Operation Cartwheel

This was the US operational version of the final ‘Elkton III’ plan whereby the forces of Admiral William F. Halsey’s South Pacific Area and General Douglas MacArthur’s South-West Pacific Area commands were to co-operate in a double advance to isolate General Hitoshi Imamura’s 8th Area Army, of General (Field Marshal from June 1943) Count Hisaichi Terauchi’s Southern Expeditionary Army Group, on the islands of New Britain and New Ireland in the Bismarck islands group (26 April 1943/20 March 1944).

The islands of the Bismarck archipelago are located to the north-east of New Guinea and the north-west of the Solomon islands group, with which they share a very difficult jungle-clad terrain and rain-swept tropical climate. German settlers began to reached the area in the 1860s and Germany annexed the islands in 1885. Australian troops expelled the Germans in September 1914 in the early stages of World War I, and Australia received a mandate over the islands from the League of Nations on 9 May 1921.

The islands' land area is about 19,200 sq miles (49730 km²), and the largest of the islands is New Britain with an area of 14,100 sq miles (36520 km²). There are superb anchorages at Seeadler Harbour in the Admiralty islands group to the north-west of New Ireland and at Rabaul on the north-eastern tip of New Britain, but only the latter had been developed to any extent by the end of 1941, with modest docking facilities and two airfields. There is also an anchorage at Kavieng on the north-western tip of New Ireland, which has an area of 2,860 sq miles (7405 km²), but it was overshadowed by Rabaul throughout the war. Before the advent of the Pacific War, the islands' chief economic strength was the export of copra, timber and turtle shells.

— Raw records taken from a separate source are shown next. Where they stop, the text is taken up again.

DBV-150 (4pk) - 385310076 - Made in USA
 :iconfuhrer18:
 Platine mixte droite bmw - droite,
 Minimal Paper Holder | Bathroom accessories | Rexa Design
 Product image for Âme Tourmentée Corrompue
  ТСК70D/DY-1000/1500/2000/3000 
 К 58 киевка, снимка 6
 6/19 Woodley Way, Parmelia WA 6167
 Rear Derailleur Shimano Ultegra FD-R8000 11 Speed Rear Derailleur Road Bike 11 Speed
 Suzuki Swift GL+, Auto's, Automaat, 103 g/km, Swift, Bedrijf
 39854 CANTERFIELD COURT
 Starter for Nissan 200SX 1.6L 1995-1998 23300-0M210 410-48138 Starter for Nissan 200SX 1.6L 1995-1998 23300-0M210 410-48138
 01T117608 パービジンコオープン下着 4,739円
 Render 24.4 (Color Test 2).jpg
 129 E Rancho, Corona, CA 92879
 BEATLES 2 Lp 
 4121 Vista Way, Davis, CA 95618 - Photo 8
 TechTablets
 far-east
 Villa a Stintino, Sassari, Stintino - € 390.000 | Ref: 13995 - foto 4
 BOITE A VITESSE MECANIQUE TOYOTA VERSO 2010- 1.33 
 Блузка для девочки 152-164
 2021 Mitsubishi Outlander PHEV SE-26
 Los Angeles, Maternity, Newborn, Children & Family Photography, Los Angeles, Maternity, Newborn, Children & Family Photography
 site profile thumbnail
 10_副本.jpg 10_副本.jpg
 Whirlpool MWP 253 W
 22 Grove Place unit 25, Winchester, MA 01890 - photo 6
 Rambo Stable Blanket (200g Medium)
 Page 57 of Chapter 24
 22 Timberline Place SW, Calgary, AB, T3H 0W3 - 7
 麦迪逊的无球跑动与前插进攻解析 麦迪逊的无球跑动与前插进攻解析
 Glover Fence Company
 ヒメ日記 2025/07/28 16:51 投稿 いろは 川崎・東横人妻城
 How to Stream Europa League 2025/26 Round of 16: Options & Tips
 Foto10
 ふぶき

As well as being covered with jungle, the islands are very rugged, and include several active or dormant volcanoes. The anchorage at Rabaul is a flooded caldera, and in World War II resurgent domes in the harbour area periodically gave off quantities of steam and ash, and sulphurous fumes adversely affected the habitability of the many underground fortifications which the Japanese constructed during the war.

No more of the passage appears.